※この記事は、行政書士事務所の開業準備中に執筆した体験記を、現在の活動状況に合わせて一部修正したものです。
現在は大阪市中央区で行政書士事務所を運営し、障がい福祉事業所の運営支援・開業支援を行っています。
私自身の経験を通じて感じた、働き続けるために必要な支援についてお伝えします。
≪「大丈夫」と言い続けた私へ――うつ病と孤独な休職から学んだ支援のあり方≫はこちら
倒れて初めて、家族に知られる
復職していたある日、体調を崩して3日間自宅で倒れていました。会社が連絡を入れてくれたことで、母や兄に私の状態が知られることになります。
涙する母に、私は何も返せませんでした。ただ、「もう一人では限界だった」と、やっと気づけたのです。
母との同居、情けなさと無力感との闘い
その後、母と同居することになりました。最初の数ヶ月は、情けなさと無力感でほとんど何もできませんでした。
でも、ようやく病気と向き合う決意ができたのは、この時期だったと思います。
自分で探した「行政の支援」
退職後、体調を見ながら福祉サービスについて一人で調べ始めました。すると「就労移行支援事業所」という存在を知ります。
そこから、障がい者雇用、トライアル雇用、A型事業所と段階的にステップを踏みながら、少しずつ社会との関わりを取り戻していきました。
ただ、その間も、好不調の波は襲ってきます。そのため、障がい者雇用も退職し、A型事業所も一つは退職しています。
ただ、そんな中、本当にじれったくなるくらい少しずつ前に進んでいたのだと思います。自分自身も、周りの家族も、私のこの病気との向き合い方を、探り探りつかめてきていたのかもしれません。
支えてくれた人たちと、「働くこと」への思い
主治医、支援員、そして母。無理のないペースで働くこと、社会とつながり続けることの大切さを教えてくれました。
「働き続ける」ことは、フルタイムで働くことではありません。自分にできる範囲で社会と関わり、必要な支援を受けながら、安心して暮らす道もあるのです。

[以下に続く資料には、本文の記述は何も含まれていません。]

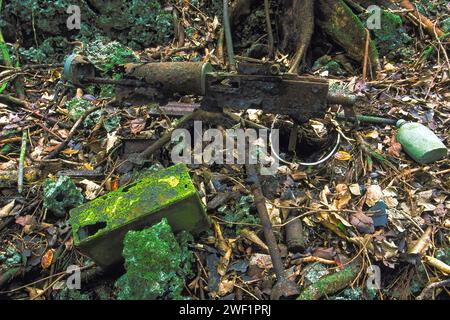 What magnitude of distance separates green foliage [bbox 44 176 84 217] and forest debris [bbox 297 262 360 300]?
2.07 m

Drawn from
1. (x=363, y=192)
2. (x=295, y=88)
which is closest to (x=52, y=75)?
(x=295, y=88)

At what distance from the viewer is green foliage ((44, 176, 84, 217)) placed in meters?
3.16

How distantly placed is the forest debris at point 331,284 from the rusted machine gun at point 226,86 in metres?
1.30

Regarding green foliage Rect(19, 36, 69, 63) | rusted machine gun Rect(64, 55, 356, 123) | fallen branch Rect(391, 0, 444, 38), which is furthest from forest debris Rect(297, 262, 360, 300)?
green foliage Rect(19, 36, 69, 63)

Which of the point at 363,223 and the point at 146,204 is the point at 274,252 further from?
the point at 146,204

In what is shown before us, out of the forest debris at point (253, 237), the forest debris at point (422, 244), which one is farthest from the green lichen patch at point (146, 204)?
the forest debris at point (422, 244)

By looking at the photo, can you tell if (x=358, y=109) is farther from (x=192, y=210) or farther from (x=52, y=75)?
(x=52, y=75)

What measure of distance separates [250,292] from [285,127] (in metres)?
1.82

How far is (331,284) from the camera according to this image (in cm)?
271

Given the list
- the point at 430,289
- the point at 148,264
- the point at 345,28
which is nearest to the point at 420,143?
the point at 430,289

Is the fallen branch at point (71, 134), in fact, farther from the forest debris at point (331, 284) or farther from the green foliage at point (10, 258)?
the forest debris at point (331, 284)

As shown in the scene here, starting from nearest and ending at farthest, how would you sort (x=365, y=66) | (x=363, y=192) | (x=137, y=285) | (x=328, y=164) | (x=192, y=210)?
(x=137, y=285), (x=192, y=210), (x=363, y=192), (x=328, y=164), (x=365, y=66)

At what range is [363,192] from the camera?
133 inches

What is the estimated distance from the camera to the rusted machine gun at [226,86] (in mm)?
3098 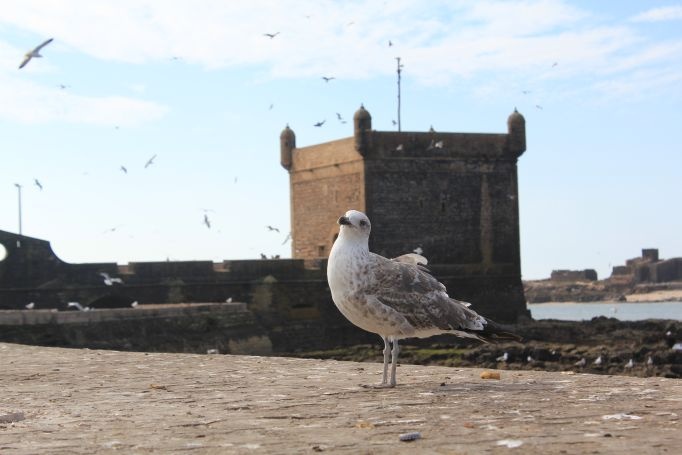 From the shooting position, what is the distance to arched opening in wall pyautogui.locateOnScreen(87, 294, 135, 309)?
28.1 metres

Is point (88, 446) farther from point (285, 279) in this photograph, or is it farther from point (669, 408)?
point (285, 279)

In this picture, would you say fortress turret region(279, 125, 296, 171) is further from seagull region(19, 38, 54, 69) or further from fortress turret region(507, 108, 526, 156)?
seagull region(19, 38, 54, 69)

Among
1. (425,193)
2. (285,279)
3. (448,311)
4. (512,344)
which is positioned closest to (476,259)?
(425,193)

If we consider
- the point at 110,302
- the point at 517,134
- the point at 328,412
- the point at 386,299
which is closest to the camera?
the point at 328,412

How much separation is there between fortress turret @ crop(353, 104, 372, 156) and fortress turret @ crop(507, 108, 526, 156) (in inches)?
204

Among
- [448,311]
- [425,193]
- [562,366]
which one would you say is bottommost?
[562,366]

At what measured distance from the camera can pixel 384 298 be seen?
7.04m

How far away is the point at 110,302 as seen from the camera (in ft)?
92.7

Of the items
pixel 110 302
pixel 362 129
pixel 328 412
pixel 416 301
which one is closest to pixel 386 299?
pixel 416 301

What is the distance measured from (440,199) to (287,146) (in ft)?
21.9

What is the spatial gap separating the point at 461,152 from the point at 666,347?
1175 centimetres

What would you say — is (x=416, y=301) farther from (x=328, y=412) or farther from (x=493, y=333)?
(x=328, y=412)

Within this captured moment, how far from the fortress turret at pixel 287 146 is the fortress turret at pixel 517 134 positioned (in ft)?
25.8

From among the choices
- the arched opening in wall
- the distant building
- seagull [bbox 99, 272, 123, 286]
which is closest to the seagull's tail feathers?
the arched opening in wall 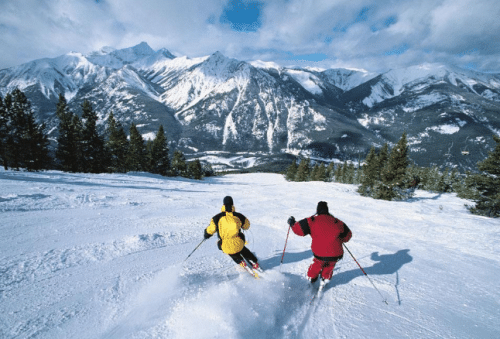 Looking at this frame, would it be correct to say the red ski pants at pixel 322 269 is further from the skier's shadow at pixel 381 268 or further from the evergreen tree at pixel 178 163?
the evergreen tree at pixel 178 163

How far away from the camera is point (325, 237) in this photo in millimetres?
4578

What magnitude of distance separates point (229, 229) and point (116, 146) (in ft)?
129

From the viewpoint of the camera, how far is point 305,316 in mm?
3957

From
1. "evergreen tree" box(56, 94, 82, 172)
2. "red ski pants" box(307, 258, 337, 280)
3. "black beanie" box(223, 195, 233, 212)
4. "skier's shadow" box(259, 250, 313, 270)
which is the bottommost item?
"skier's shadow" box(259, 250, 313, 270)

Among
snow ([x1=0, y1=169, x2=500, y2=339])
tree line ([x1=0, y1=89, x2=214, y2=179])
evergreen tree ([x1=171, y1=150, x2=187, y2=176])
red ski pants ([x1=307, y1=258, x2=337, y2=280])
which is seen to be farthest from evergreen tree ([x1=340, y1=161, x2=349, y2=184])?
red ski pants ([x1=307, y1=258, x2=337, y2=280])

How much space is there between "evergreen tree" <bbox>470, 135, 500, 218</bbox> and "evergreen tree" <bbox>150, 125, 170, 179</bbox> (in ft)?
137

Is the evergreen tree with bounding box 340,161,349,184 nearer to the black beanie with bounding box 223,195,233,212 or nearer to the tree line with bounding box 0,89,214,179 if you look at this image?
the tree line with bounding box 0,89,214,179

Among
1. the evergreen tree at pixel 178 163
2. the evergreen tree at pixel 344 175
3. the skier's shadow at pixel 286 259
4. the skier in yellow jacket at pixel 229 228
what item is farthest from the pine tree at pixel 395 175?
the evergreen tree at pixel 344 175

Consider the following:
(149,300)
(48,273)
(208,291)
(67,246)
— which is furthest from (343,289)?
(67,246)

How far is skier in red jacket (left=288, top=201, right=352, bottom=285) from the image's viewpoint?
15.0ft

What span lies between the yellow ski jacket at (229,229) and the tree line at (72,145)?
30179mm

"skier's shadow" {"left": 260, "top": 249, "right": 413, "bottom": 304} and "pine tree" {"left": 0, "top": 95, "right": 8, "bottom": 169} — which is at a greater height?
"pine tree" {"left": 0, "top": 95, "right": 8, "bottom": 169}

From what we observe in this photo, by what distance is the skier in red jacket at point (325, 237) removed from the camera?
4.57m

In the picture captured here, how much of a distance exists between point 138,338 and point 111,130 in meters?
40.9
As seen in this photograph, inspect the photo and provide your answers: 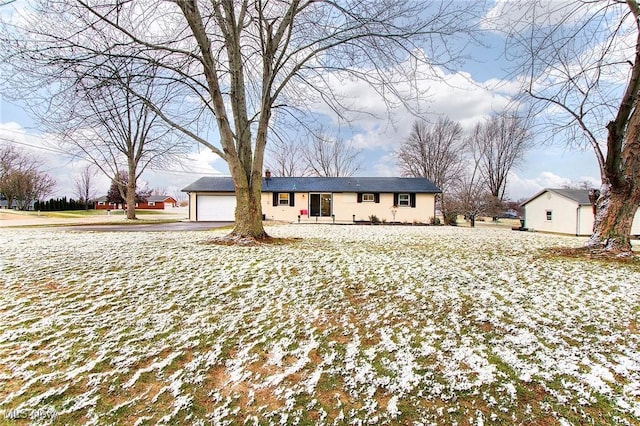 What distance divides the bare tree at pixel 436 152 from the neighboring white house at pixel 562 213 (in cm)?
706

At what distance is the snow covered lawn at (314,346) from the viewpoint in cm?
200

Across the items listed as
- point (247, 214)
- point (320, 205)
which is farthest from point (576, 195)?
point (247, 214)

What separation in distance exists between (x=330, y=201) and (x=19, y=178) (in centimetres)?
3989

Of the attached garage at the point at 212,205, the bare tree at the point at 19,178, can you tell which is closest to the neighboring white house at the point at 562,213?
the attached garage at the point at 212,205

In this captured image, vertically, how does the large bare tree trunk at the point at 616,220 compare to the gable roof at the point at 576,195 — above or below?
below

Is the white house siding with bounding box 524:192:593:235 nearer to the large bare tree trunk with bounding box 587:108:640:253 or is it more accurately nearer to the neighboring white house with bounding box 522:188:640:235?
Result: the neighboring white house with bounding box 522:188:640:235

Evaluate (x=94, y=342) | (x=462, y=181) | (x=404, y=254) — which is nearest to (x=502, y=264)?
(x=404, y=254)

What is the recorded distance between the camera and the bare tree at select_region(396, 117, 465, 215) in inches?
1181

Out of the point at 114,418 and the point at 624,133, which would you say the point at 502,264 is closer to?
the point at 624,133

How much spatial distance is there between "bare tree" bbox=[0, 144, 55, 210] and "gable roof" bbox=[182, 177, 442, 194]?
28463mm

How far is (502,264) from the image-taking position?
18.6ft

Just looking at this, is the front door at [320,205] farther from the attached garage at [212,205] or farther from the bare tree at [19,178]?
the bare tree at [19,178]

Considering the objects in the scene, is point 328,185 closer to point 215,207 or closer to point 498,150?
point 215,207

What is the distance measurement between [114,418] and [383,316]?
2.49 m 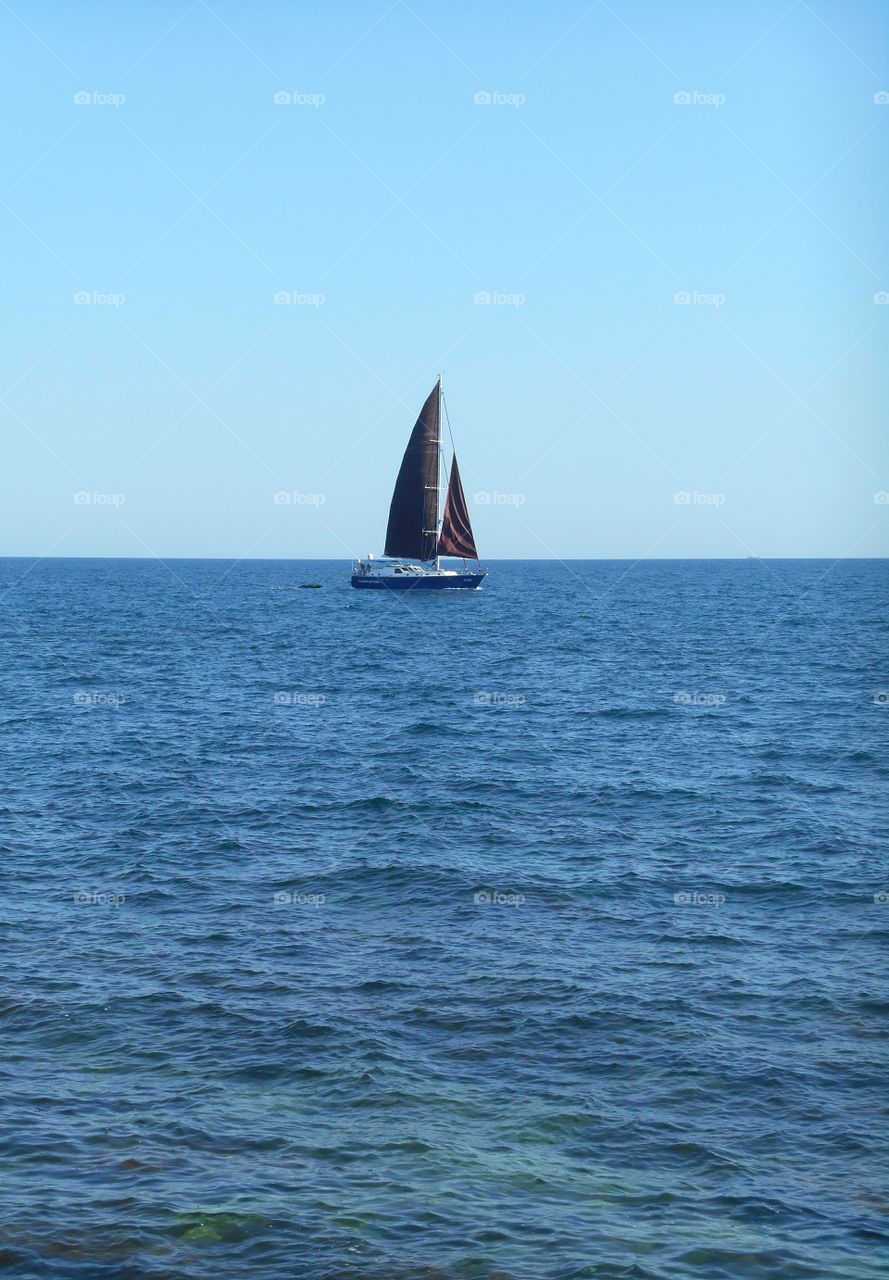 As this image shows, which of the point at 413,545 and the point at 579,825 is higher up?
the point at 413,545

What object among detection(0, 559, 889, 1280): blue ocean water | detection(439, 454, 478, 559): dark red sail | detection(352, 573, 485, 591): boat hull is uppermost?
detection(439, 454, 478, 559): dark red sail

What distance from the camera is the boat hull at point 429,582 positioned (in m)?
143

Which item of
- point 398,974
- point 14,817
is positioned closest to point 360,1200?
point 398,974

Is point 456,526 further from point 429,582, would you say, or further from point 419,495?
point 429,582

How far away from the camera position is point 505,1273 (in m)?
13.5

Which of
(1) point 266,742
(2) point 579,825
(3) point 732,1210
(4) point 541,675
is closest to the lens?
(3) point 732,1210

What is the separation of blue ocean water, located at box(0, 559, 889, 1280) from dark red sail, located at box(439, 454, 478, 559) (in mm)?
76390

現在、私は49歳です。振り返れば、40代の多くは、思うように仕事ができない期間となりました。
それでも、今、自分は前を向けています。現在も通院と服薬を続けており、完全に治癒したわけではありませんので、不安ももちろんあります。
でも、あの時の「自分」を助けたい。あの時の「周りの人」に恩返しをしたい。
その思いを持って、現在は障がい福祉分野を中心に支援する行政書士として活動しています。